A história do avô paterno, tem algo de estranho, pois ao nascer foi rejeitado pelos pais e colocado na roda, em Lisboa (roda giratória onde eram deixados os bébés indesejados. Para o identificarem eventualmente um dia, os pais colocaram-lha ao lado uma pequena Bíblia). O avô de Baltasar, cujo nome não apuramos, terá sido adotado por uma família de Caldas da Rainha ou arredores, que não lhe deu instrução, nem cumpriu a obrigação de pelo menos uma vez por ano o levar ao orfanato. No tempo em que o futuro barbeiro Baltasar, ainda não tinha barba para se escanhoar, era frequente os rapazes, concluída a terceira ou quarta classes e que não iam prosseguir estudos, começarem a aprender uma profissão, onde nada ganhavam. A primeira tarefa que coube ao Baltasar, foi na barbearia de um tio, a fazer trabalhos como varrer e apanhar os cabelos do chão e fazer barbas. A sua primeira remuneração foi de três tostões por dia, mas só ao fim de três meses. Tempos difíceis em que se fazia muito e se ganhava quase nada. O aprendiz Baltasar teve de esperar dois anos para ficar a saber que iria receber quarenta escudos por mês, (uma muito especial atenção por parte do tio), o que significava que já aprendera o mínimo, não dava golpes na cara do cliente,  e merecia a confiança do patrão e, claro, do cliente. Assim, até à idade das sortes, Baltasar ficou-se pela barbearia. Mas, depois de passar uns tempos em Leiria arrumadas a farda e botas, voltou aos cortes de cabelo e às barbas bem escanhoadas, como impunha o cliente.
Na barbearia do Baltasar, vendiam-se cigarros. Era o tempo em que se ia ao barbeiro não apenas para cortar o cabelo, fazer ou aparar a barba, mas para pôr a conversa em dia, pois no barbeiro falava-se de tudo, e até se podia ler-se o jornal de graça. Enquanto Baltasar manobrava a tesoura ou fazia a barba, em gestos demorados e calmos, o tempo passado com o cliente, acabava por ser quase um confessionário. A pessoa gosta de ouvir e também tem sempre algo para contar. Antigamente, quem quisesse conhecer histórias e vidas, ia ao barbeiro ou encostava-se à porta.

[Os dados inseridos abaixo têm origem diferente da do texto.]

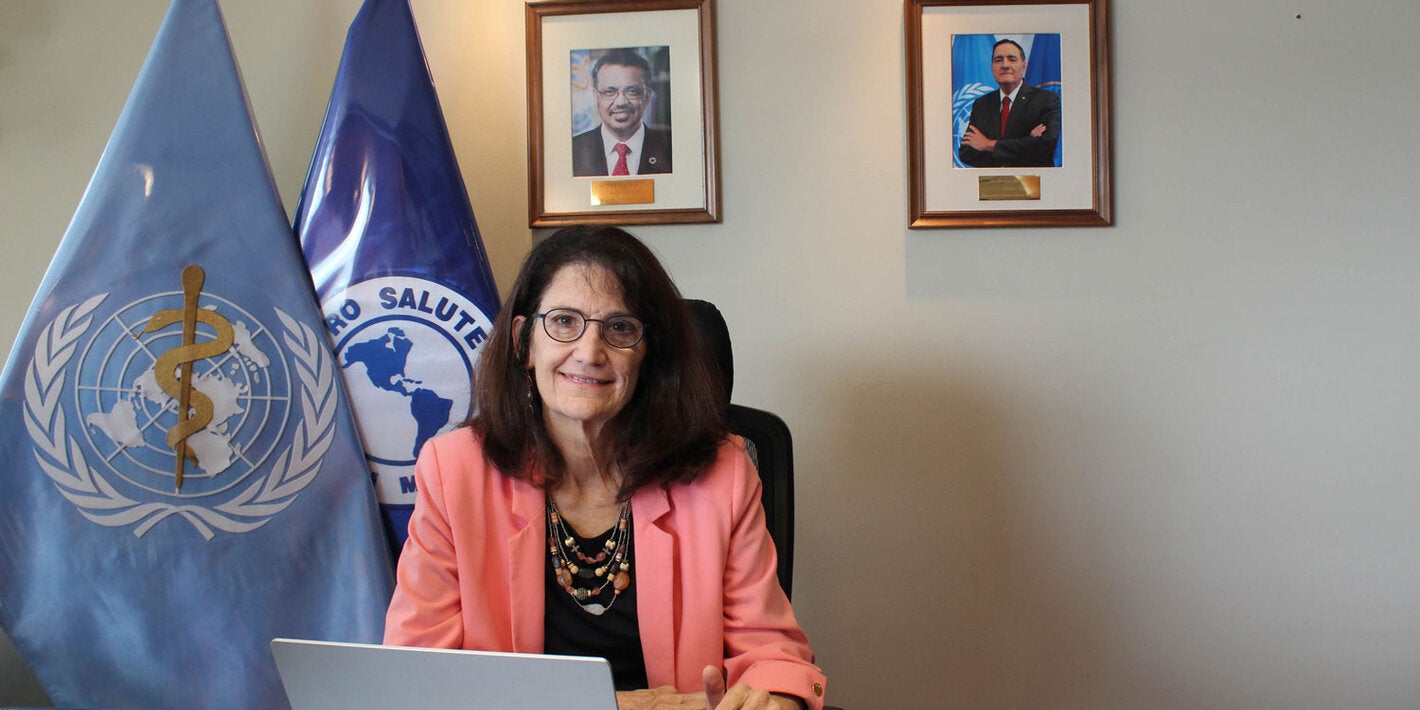 Dra. Maureen Birmingham en oficina de la representación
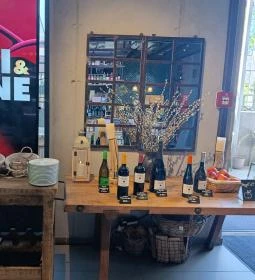 CZIN Bistro, Bár és Kávéház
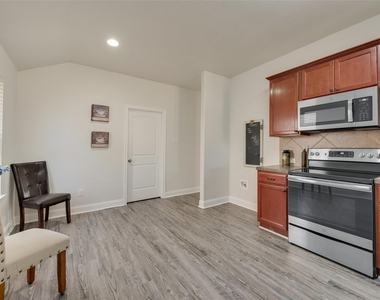 12310 Orloff Drive - Photo Thumbnail 4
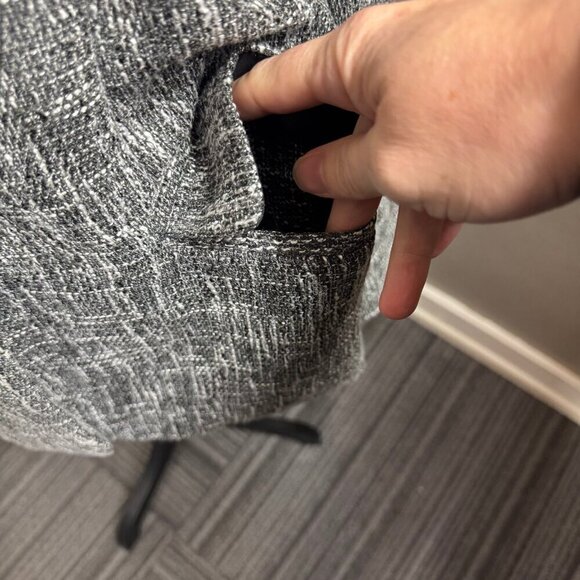 JLux Label gray and white tweed blazer with pockets and single button. - Picture 4 of 9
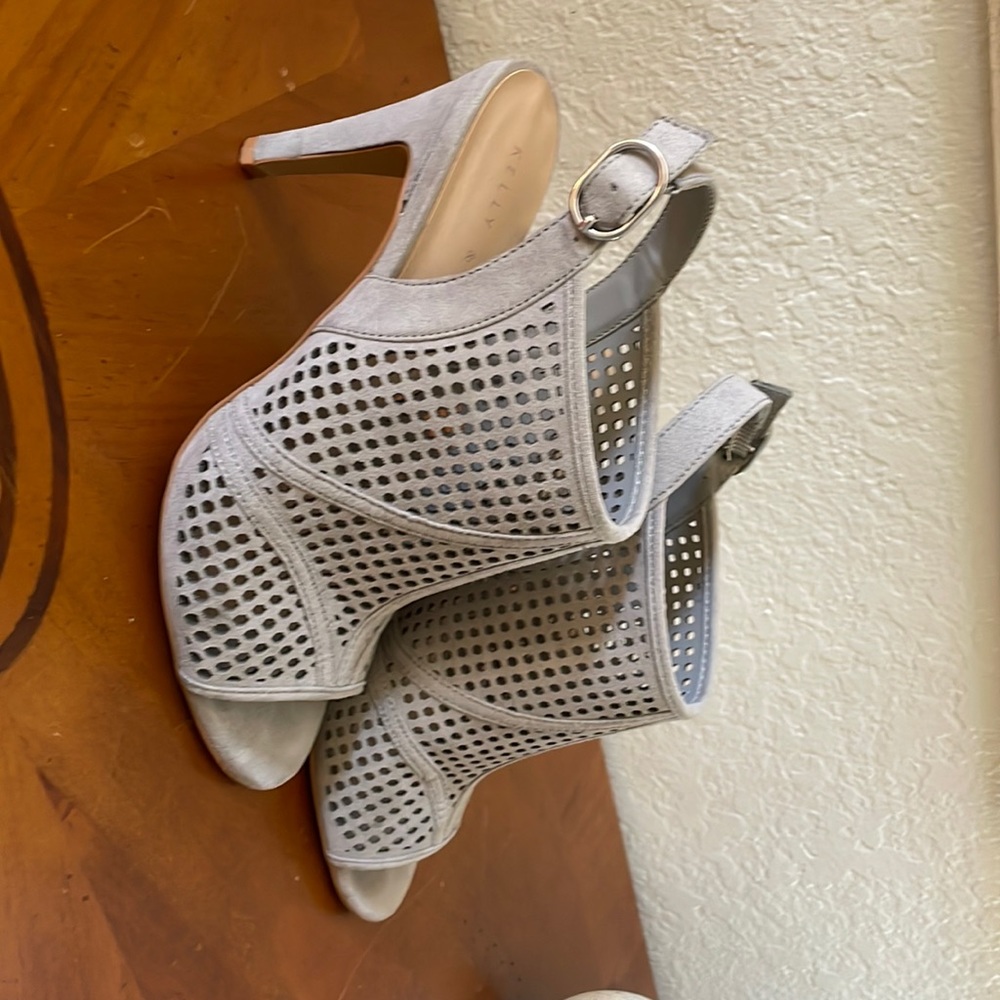 Kelly & Katie Berillan Sandel Heel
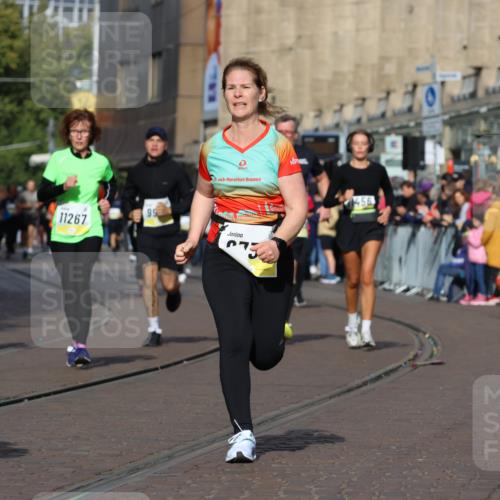 05.10.2025 - 20. swb-Marathon Bremen Strokosch-Dieckow http://msf.ph/oto/9247644 05.10.2025 10:59:30 Ziel 9609, 9737, 9991, 10209, 10391, 10760, 10809, 11251, 11267, 11456, 11657, 11728 meine-sportfotos.de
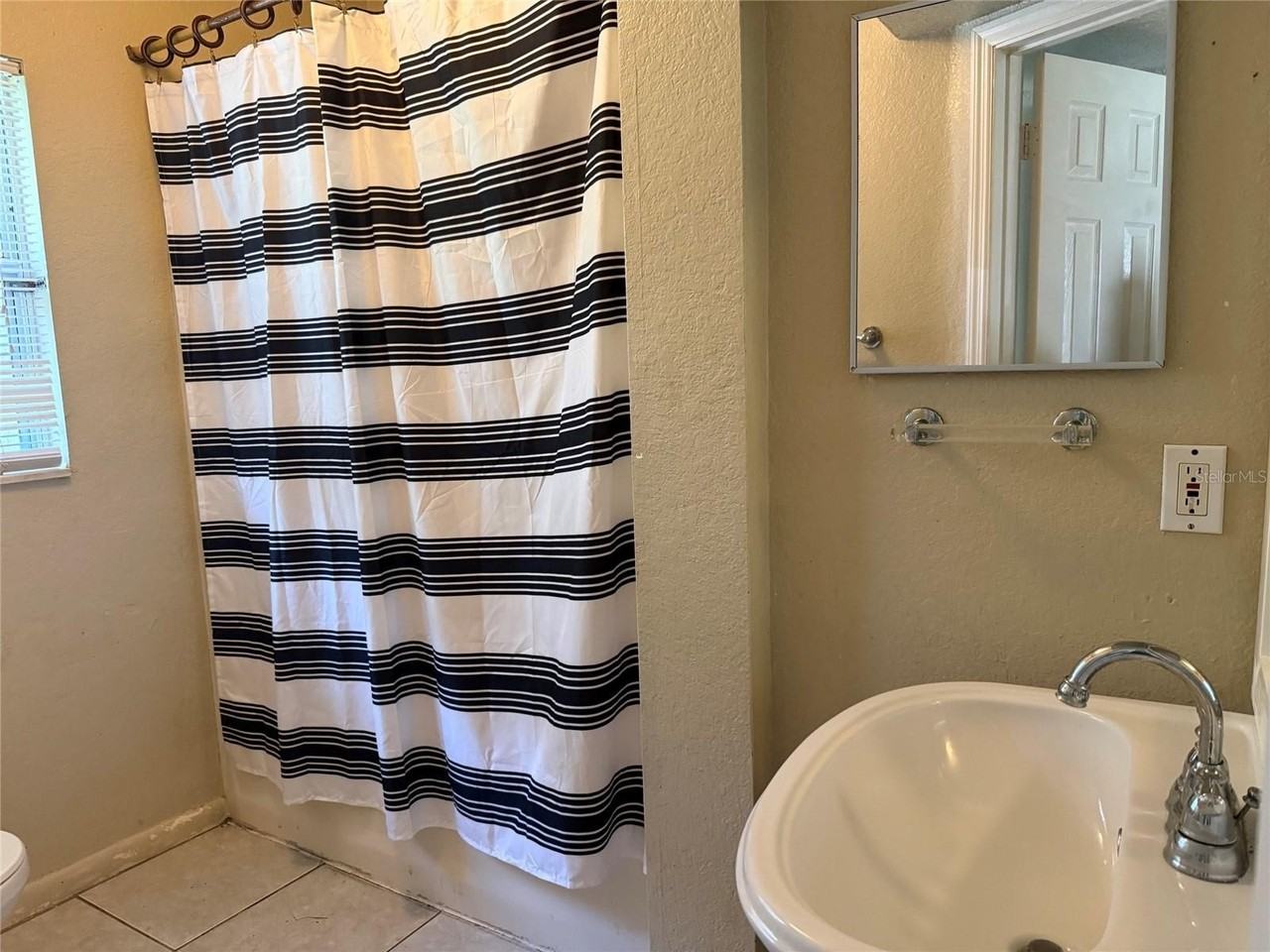 5401 Hermosa St - Photo 4 of 13
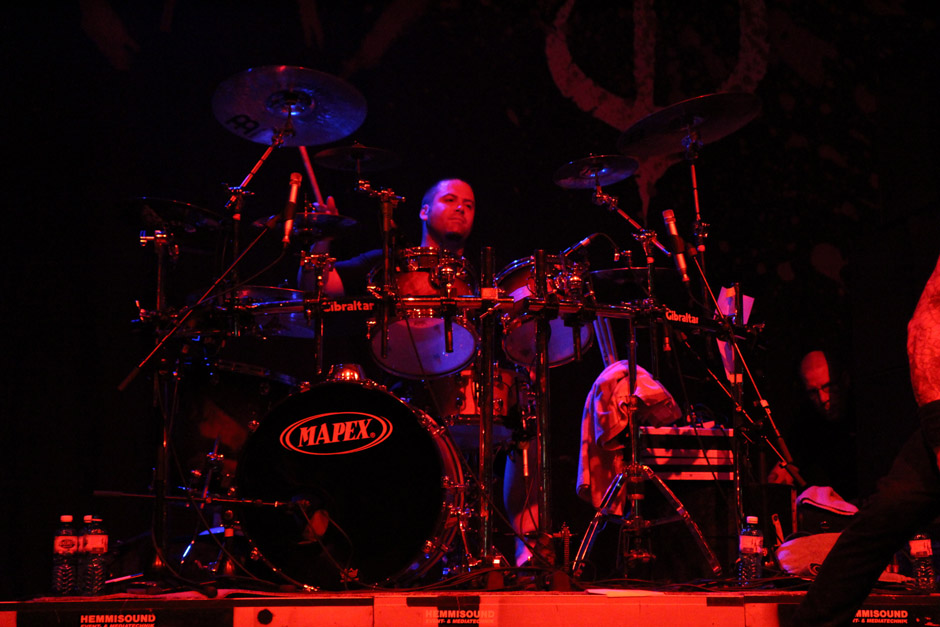 Devildriver live, Earshakerday 2012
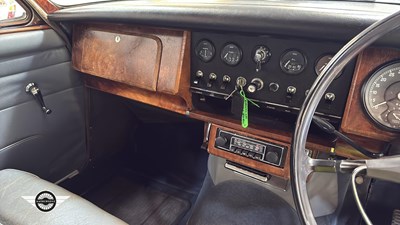 Lot 624 - 1968 DAIMLER V8 250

O  assentador já não faz parte do trabalho de barbeiro, as navalhas foram substituídas por lâminas partidas ao meio, nem mais a pedra para passar  pela cara. Ir ao barbeiro fazer a barba, sem se sentir um pelo ao passar a mão, é hábito que se perdeu definitivamente. Os barbeiros também foram acabando.
Entretanto em Alcobaça estabeleceram-se outros que por sua vez já lá vão, como o Nabais, o Zé do Aço (estabelecimento ao lado da antiga Casa Sineiro), o Artur Barbeiro (ao lado do atual Café Restaurante Trindade), o Maleiro (na Rua Alexandre Herculano perto da antiga loja de Gilberto Magalhães Coutinho) ou o Baeta (em frente ao Mosteiro).
Um barbeiro em Alcobaça era senhor de estabelecimento discreto, em geral pequeno com o chão aos quadradinhos vermelhos e beijes, paredes revestidas de azulejos brancos e espelhos sem moldura. Uma ou duas cadeiras de barbeiro, difíceis de consertar, porque não havia peças em Alcobaça (só em Lisboa) que lhe valessem. O som da rádio (telefonia), saía de umas pequenas colunas e mesmo, ainda que com pouco uso, parecia que o aparelho queria mostrar que já precisava de reforma. Um ou dois calendários de parede mostravam dias longos, cansados os pés e braços de tanto labutar. Na mesa de madeira ao lado das quatro ou cinco cadeiras para quem esperava (por princípio nunca havia marcações), encontravam-se revistas  e jornais, por vezes com alguns dias.